Sun Dec 29 00:50:36 UTC 2013

On 12/28/2013 08:06 PM, Knut Moe wrote:
> Are there benefits in configuration, scaling, management etc?

Hi,
One year ago I was also in the situation where I had to compare these 3 cluster 
file systems. I'm not the greatest expert on this topic, but here's a rough summary of what I know and why we chose GlusterFS over Hadoop or Ceph.

There are great differences between Hadoop/Ceph and GlusterFS.
First of all being that GlusterFS distributes files and works on top of
existing filesystems. It is completely transparent to the system and
applications.
This adds overhead (at costs of speed), but increases your options in
case of errors and long-term preservation.

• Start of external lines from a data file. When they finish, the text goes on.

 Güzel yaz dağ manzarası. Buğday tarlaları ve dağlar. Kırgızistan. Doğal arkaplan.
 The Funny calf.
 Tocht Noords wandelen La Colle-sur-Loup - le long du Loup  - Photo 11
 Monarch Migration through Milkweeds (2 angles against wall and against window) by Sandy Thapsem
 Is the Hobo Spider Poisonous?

Most other storage cluster systems on the other hand, split each file
into a certain number of blocks and distribute those.

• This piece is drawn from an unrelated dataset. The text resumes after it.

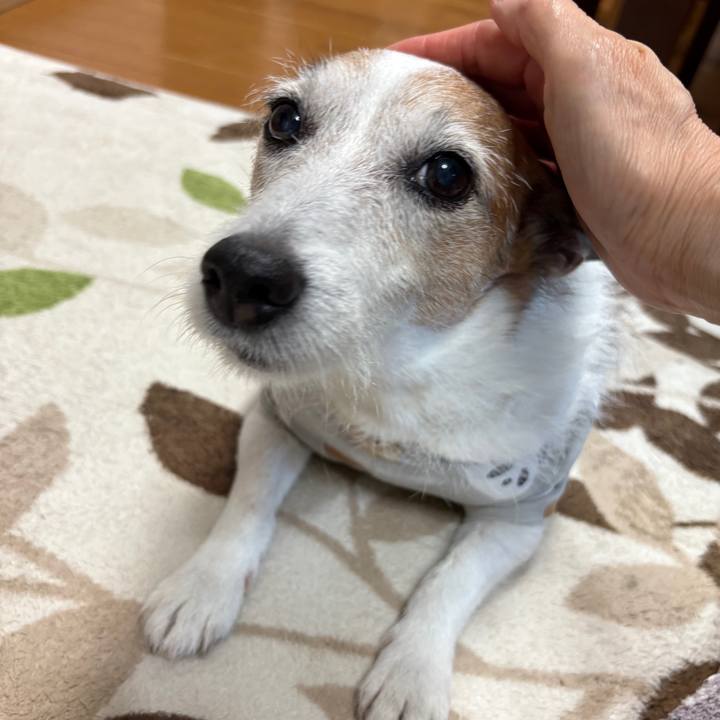 C6326df3 15a6 4873 b7c5 6cb3b14478d1 1753831311610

Hadoop is not just some filesystem you can mount (as I understood from
reading Apache's docs): You have to talk to it using the Hadoop API. As
I understood it, you'd have to write your applications to use Hadoop,
instead of just having it as transparent filesystem beneath. Please
correct me if I'm wrong.

This makes a great difference regarding effort and use-cases.

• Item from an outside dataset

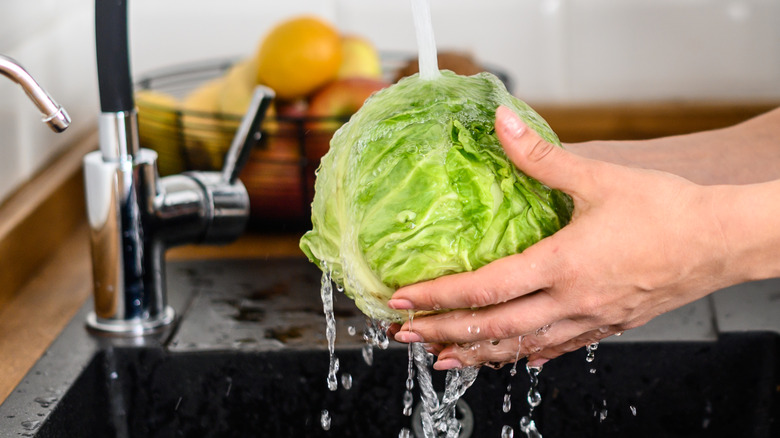 washing cabbage in sink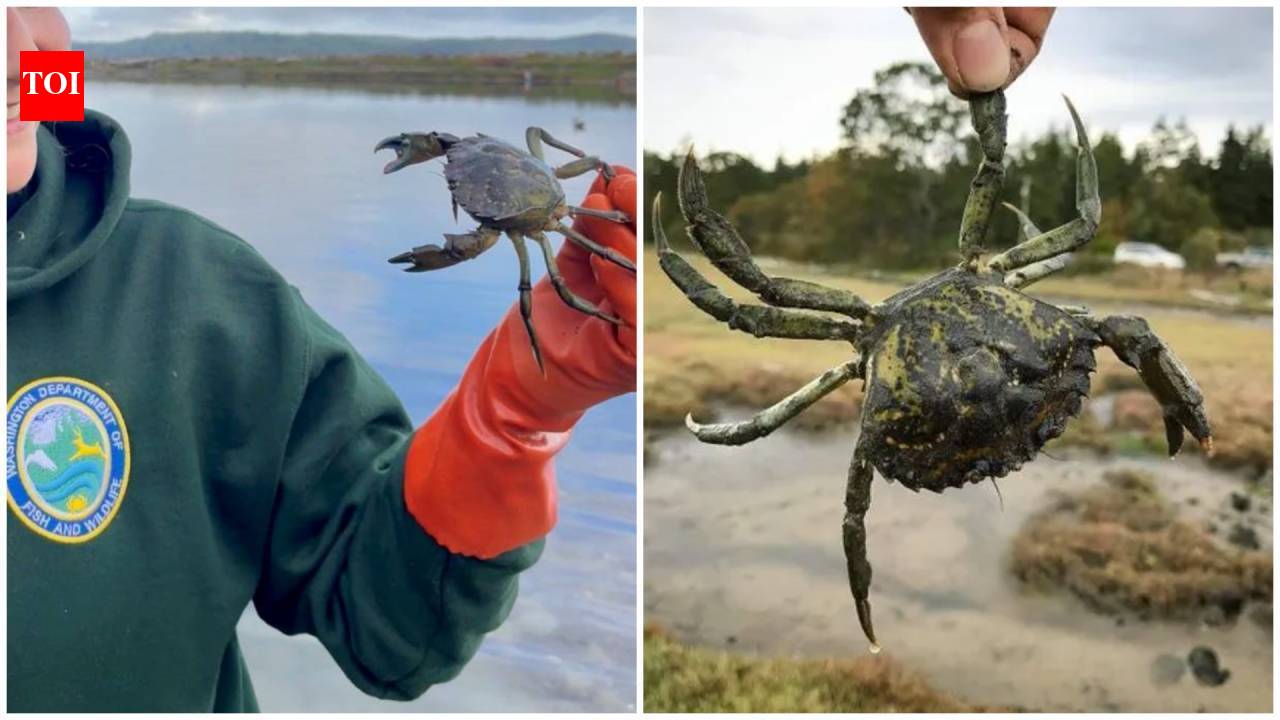 Washington captures record 2.16 million invasive green crabs in 2025-26; first detected in 2016, the species threatens marine life despite $8 million in funding, with no populations eradicated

What's also special about GlusterFS is that it's really (really) easy
and quick to set up a basic constellation, and it ships out-of-the-box
with most distro repositories. There are things you can tweak, but you
don't have to. It's understandable very quickly by any regular Linux admin.
Just yesterday, I've setup gluster on my raspberry pi home fileserver :)

There are many many more details about how Hadoop and Ceph "tick",
compared to GlusterFS (e.g. "NameNode"), but I think there are others
here who can explain that way better than me.

> I know Hadoop is used by the likes of Yahoo and Facebook. I would be
> interested in information on any large (known) users of GlusterFS.

When I was looking for systems for large storage clusters for long-term media 
archiving, I initially thought I'd go for Hadoop, because "the big ones are 
using it". I also listened to a presentation about Ceph, so I could compare them.

In the end, we chose GlusterFS, because for digital archiving, we needed a scalable storage cluster with the highest chance of maintaining it over the years, rather than minimizing our downtime to seconds. We are currently building up a storage for the national A/V archive with 2x >300 TiB.

I've already done initial tests with GlusterFS on one node, but it's too soon to really speak of "experience" on our side.
We've also only used gluster in "distribute" mode, so I have no experience with gluster-replication at all.

Regards,
Peter B.